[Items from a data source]
%%
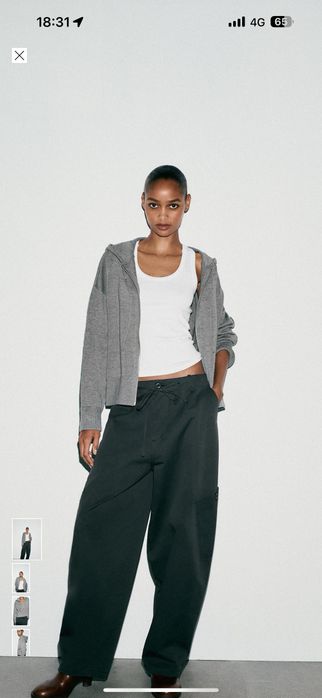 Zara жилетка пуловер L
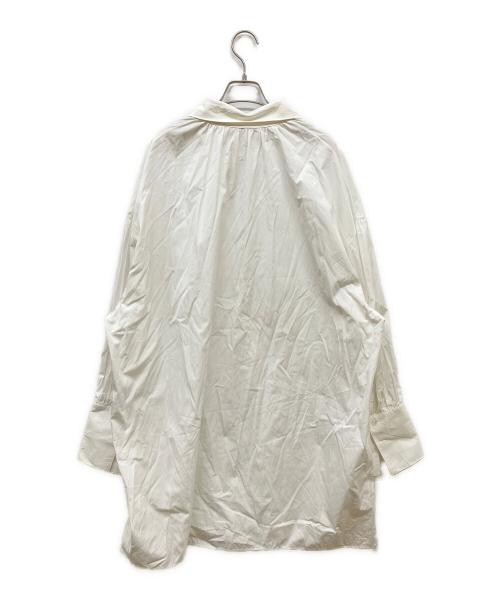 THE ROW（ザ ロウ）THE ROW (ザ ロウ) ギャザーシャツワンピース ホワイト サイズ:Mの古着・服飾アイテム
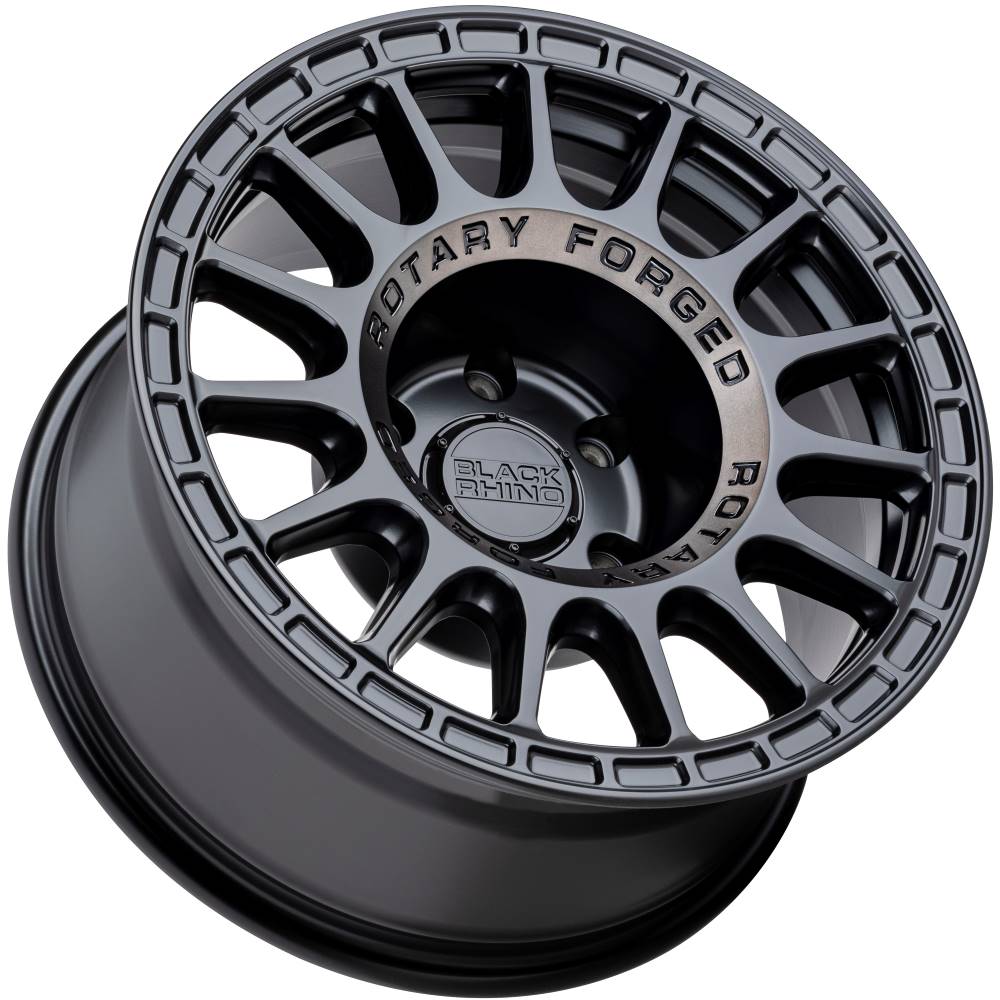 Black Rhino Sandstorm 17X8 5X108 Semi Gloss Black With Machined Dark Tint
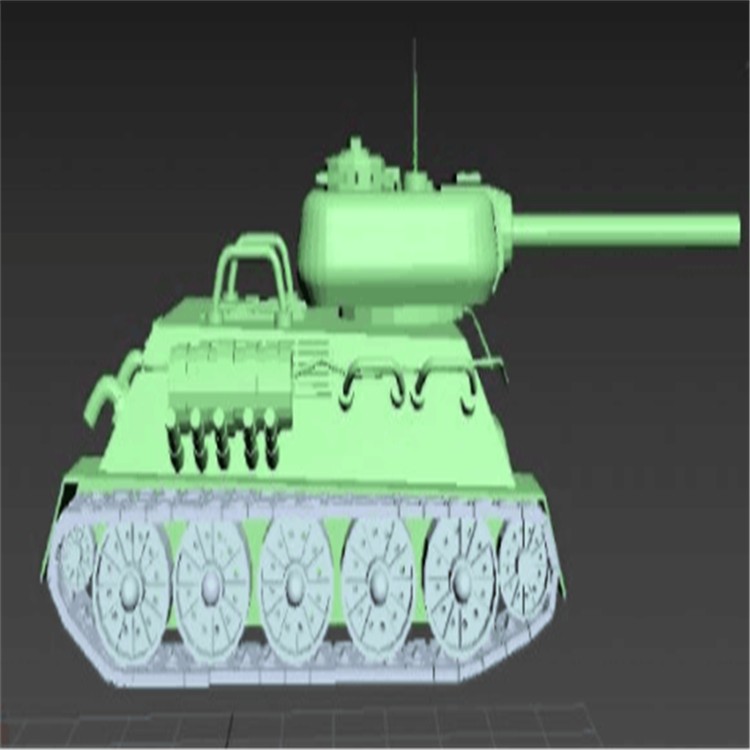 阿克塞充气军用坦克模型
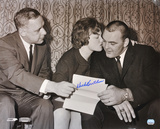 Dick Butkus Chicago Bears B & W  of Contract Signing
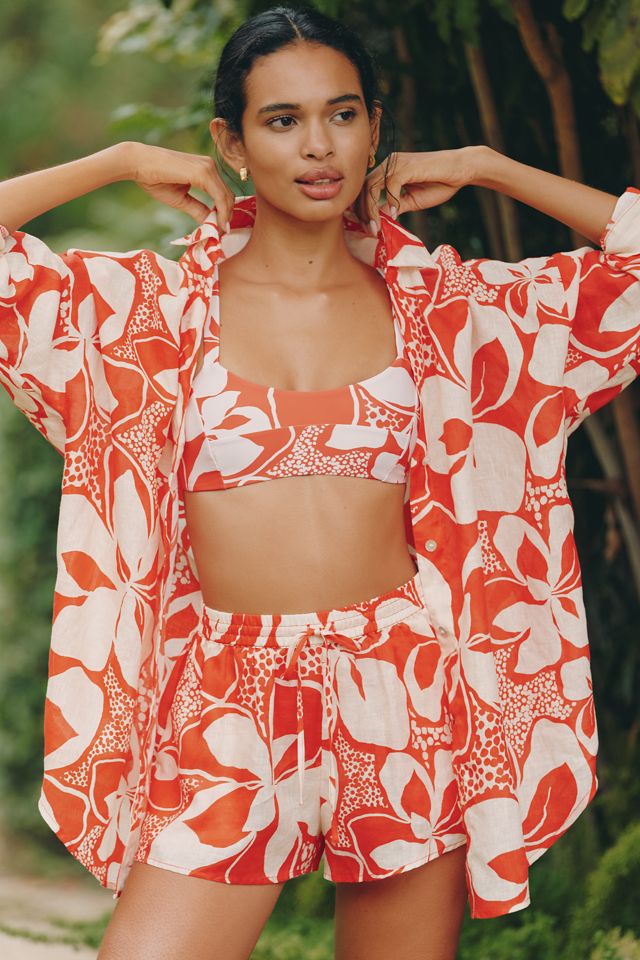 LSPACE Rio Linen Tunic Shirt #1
%%
The task:
From the first line above to the last, copy the records exactly but omit the pictures.

Answer to this problem:
 Zara жилетка пуловер L
 THE ROW（ザ ロウ）THE ROW (ザ ロウ) ギャザーシャツワンピース ホワイト サイズ:Mの古着・服飾アイテム
 Black Rhino Sandstorm 17X8 5X108 Semi Gloss Black With Machined Dark Tint
 阿克塞充气军用坦克模型
 Dick Butkus Chicago Bears B & W  of Contract Signing
 LSPACE Rio Linen Tunic Shirt #1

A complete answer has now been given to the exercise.